Hello!
I am trying to fine-tune language identification model using SpeechBrain. I followed the notebook [tutorial][1] on fine-tuning ASR model. However, I have trouble adding new label into the model. I would like to add new language their, so I edited label_encoder.txt and add there new line ‘yk: Yakut’ => 107, but during the training process I got the next error:
return torch._C._nn.nll_loss_nd(input, target, weight, _Reduction.get_enum(reduction), ignore_index)
IndexError: Target 107 is out of bound
My language brain class looks like this:
class LanguageBrain(speechbrain.core.Brain):
def on_stage_start(self, stage, epoch):
# enable grad for all modules we want to fine-tune
if stage == speechbrain.Stage.TRAIN:
for module in [self.modules.compute_features, self.modules.mean_var_norm,
self.modules.embedding_model, self.modules.classifier]:
for p in module.parameters():
p.requires_grad = True
def compute_forward(self, batch, stage):
"""Computation pipeline based on a encoder + speaker classifier.
Data augmentation and environmental corruption are applied to the
input speech.
"""
batch = batch.to(self.device)
wavs, lens = batch.sig
feats = self.modules.compute_features(wavs)
feats = self.modules.mean_var_norm(feats, lens)
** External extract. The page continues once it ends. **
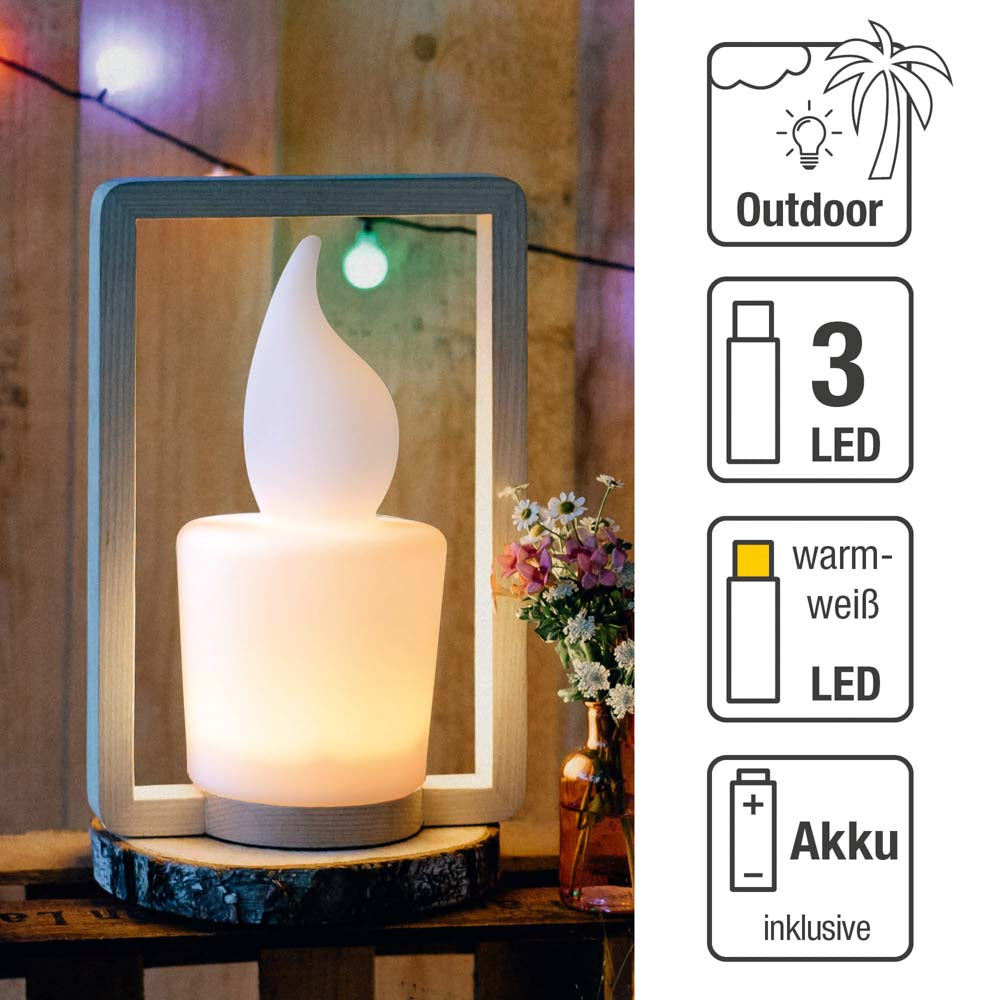 LED-Holzlampe "Symphony" mit USB-Ladekabel, LED ww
# Embeddings + speaker classifier
embeddings = self.modules.embedding_model(feats, lens)
outputs = self.modules.classifier(embeddings)
return outputs, lens
def compute_objectives(self, predictions, batch, stage):
"""Computes the loss using speaker-id as label.
"""
predictions, lens = predictions
uttid = batch.id
langid = batch.lang_id_encoded
if stage == speechbrain.Stage.TRAIN:
langid = torch.cat([langid], dim=0)
loss = self.hparams.compute_cost(predictions, langid.unsqueeze(1), lens)
return loss
def on_stage_end(self, stage, stage_loss, epoch=None):
"""Gets called at the end of an epoch."""
stage_stats = {"loss": stage_loss}
checkpointer.save_and_keep_only(
meta={"loss": stage_stats["loss"]},
min_keys=["loss"])
I guess I need to do something with the classification layer. I deleted it and changed to layer with the output features I need:
import torch.nn as nn
class Identity(nn.Module):
def __init__(self):
super(Identity, self).__init__()
def forward(self, x):
return x
language_id.mods.classifier.out.w = Identity()
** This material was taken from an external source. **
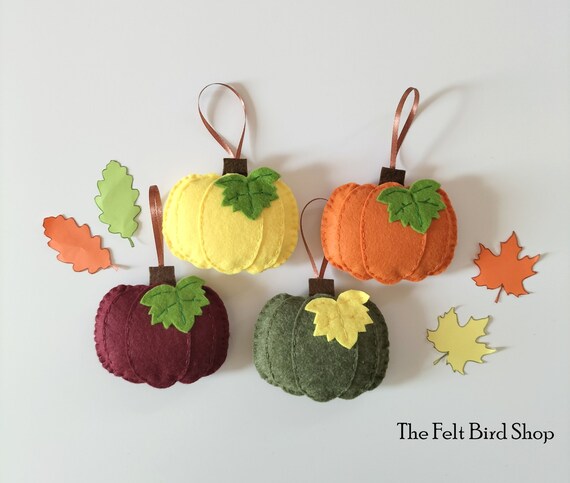 Zucche autunnali - Addobbi di feltro - Zucche di pannolenci - Zucche di halloween - Zucche ornamentali - Addobbi autunnali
language_id.mods.classifier.out.w = nn.Linear(512, 108)
However in that case I got another error:
RuntimeError: Error(s) in loading state_dict for Classifier: size mismatch for out.w.weight: copying a param with shape torch.Size([107, 512]) from checkpoint, the shape in current model is torch.Size([108, 512]). size mismatch for out.w.bias: copying a param with shape torch.Size([107]) from checkpoint, the shape in current model is torch.Size([108]).
How could I train the model to predict new label class?